Reality and Glass
Reality and Glass
I’m thinking I won’t plan to drop $1,500 for Google Glass, the sleek augmented reality glasses that will officially go on sale around the end of 2013. By the time you read this, it will be about six months since Google co-founder Sergey Brin’s appearance on TED Talks to tell about a new device called Google Glass. What better time to reflect?
Dear Linux Magazine Reader,
I'm thinking I won't plan to drop $1,500 for Google Glass, the sleek augmented reality glasses that will officially go on sale around the end of 2013. By the time you read this, it will be about six months since Google co-founder Sergey Brin's appearance on TED Talks to tell about a new device called Google Glass. What better time to reflect?
The TED presentation began with a promotional video-within-a-video that Brin used to introduce Glass. As remarkable and futuristic as Google Glass is, the promo clip was pretty basic video advertising schmaltz – a litany of precious moments occurring within the watchful eye of a Google Glass unit, as if the presence of the product somehow created or inspired the events. Fluttering in the wind beneath a hang glider … watching your daughter run down the stairs in a prom dress … bringing your grandmother a birthday cake. These kinds of images have been exploited in the past by camera makers, beer vendors, insurance salesmen, and pitch men for hundreds of other products. If you're smart, a little warning light should turn on in your head whenever anyone who is selling something tries to get you to inhabit someone else's memories.
Google Glass, however, is not just here to let you live someone else's memories but to digitize your own memories – to have the option of documenting and archiving everything that happens around you (at least, as permitted by the battery life). Behind this desire is the assumption that watching your experiences play back from some external source is better than reliving them from within your own memories – or that using the power of language to tell your friends about your hang gliding experience is insufficient without footage from a camera mounted on your head.

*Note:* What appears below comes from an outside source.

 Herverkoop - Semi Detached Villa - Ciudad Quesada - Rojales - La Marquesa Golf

Glass is also a personal assistant and web browser you can access without hands. Brin regards this as a big benefit – you can keep a web browser in front of your face at all times, without having to stop or take it out of your pocket. This actually seems really terrible to me – like the complete opposite of cultivating the kind of mindfulness that brings genuine clarity. Brin complains about the sight of people texting or slumped over a cell phone, but it is very unclear why someone's attention would be any less divided if their eyes were wandering up into their Google Glass spy scope every few seconds instead of down at the phone.
The other much-discussed role of Google Glass is as a communication tool. You can video chat with anyone else who is wearing a Google Glass unit, or possibly with others sitting before a tablet or desktop. Although video chat is nothing new, Google Glass will take it to new and exotic places. For instance, in another online promo, we see someone lacing up ski boots when a message comes into view saying, "I'll race you to the bottom." One gets the eerie impression that, before the invention of Google Glass, two skiers would not have been able to simply call out to each other across the expanse of snow, "Hey, I'll race you to the bottom," without the assistance of an intervening electronics infrastructure.

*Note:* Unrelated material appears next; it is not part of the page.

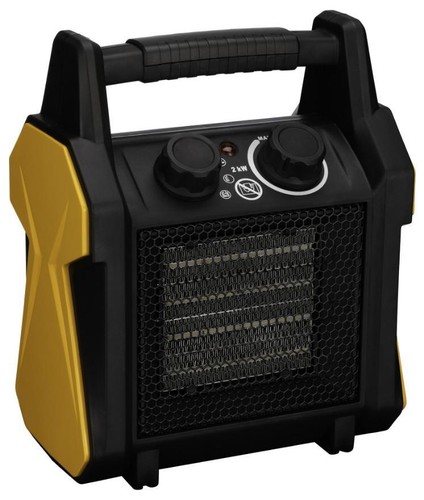 2kw tough industrial fan - tough,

The overall impression I got from Google's own video is that the Glass user operates in a kind of bubble, as if they were flying in a spaceship, with navigation facts, weather information, and remote communication playing inside the cockpit and the natural world occurring somewhere beyond, in a separate sphere outside the inner sanctum.
Add to this the complications of Google Glass as a spying tool for Google. Anything you record with Glass will be available for Google's data-mining enterprise. In his blog post following Brin's TED talk, author Mark Hurst points out that every Google Glass unit will be like one of those camera cars that Google sent through your town a couple of years ago to photograph your house, except, it won't just take a picture of the outside. It will get inside your life: your furniture, your friends, your words – not just if you own Google Glass, but even if you are simply in the presence of someone else who owns it.

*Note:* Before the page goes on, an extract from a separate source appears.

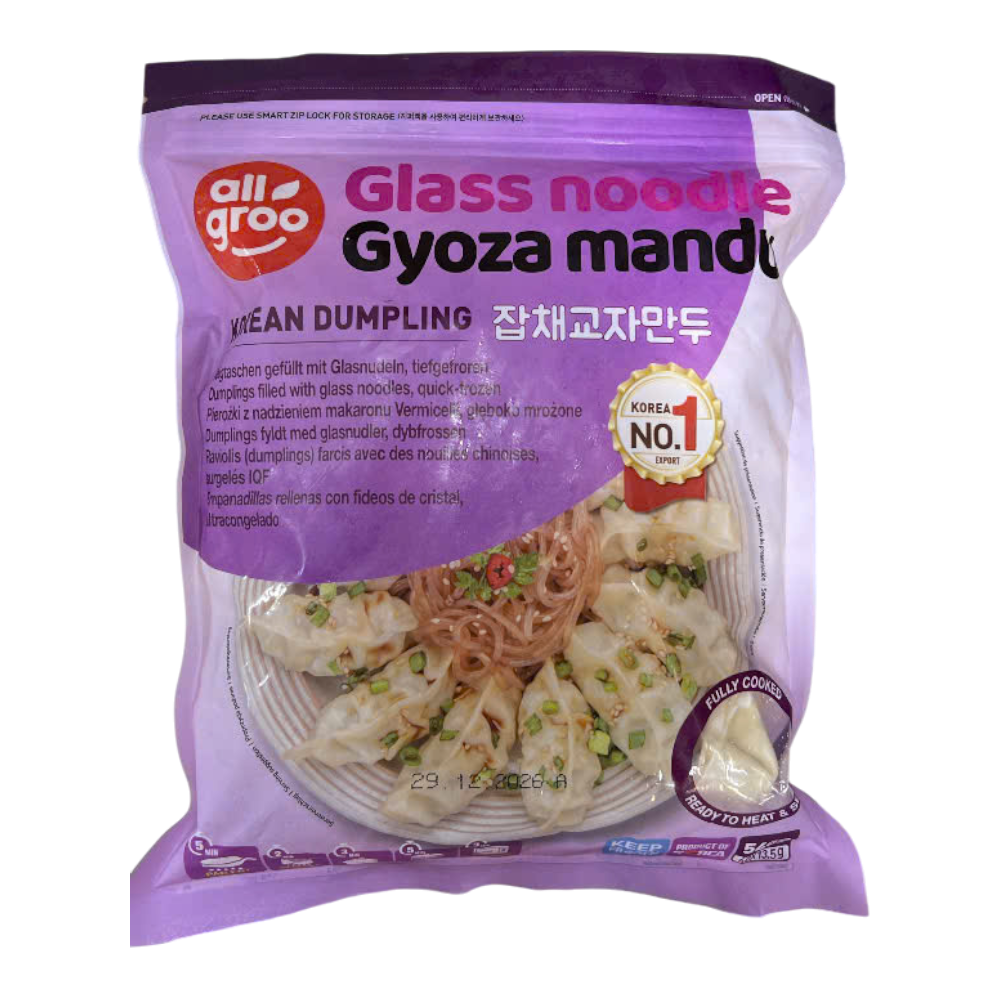 AGR Gyoza Mandu (540g)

The conventional wisdom is that when a breathtaking new technology appears in some kind of sleek consumer product, the public will simply swallow it instantly as if it is an enchanted gumdrop. The consumer press certainly will (because that is what it is designed to do), and plenty of blogs will light up with predictable wonder, but when the dust settles, I'm wondering if this weird tool will really be something the world wants to adopt on a massive scale.
Glass is only one of many wearable computing products that will appear in the coming years, and no doubt someone will eventually come up with a way to do it that will capture the public imagination. But for now, I'm not thinking it will be a huge improvement for the universe if everyone I know is wearing one of these. So you won't catch me with one – and if you want to bring one in my house, put a strip of duct tape over the lens.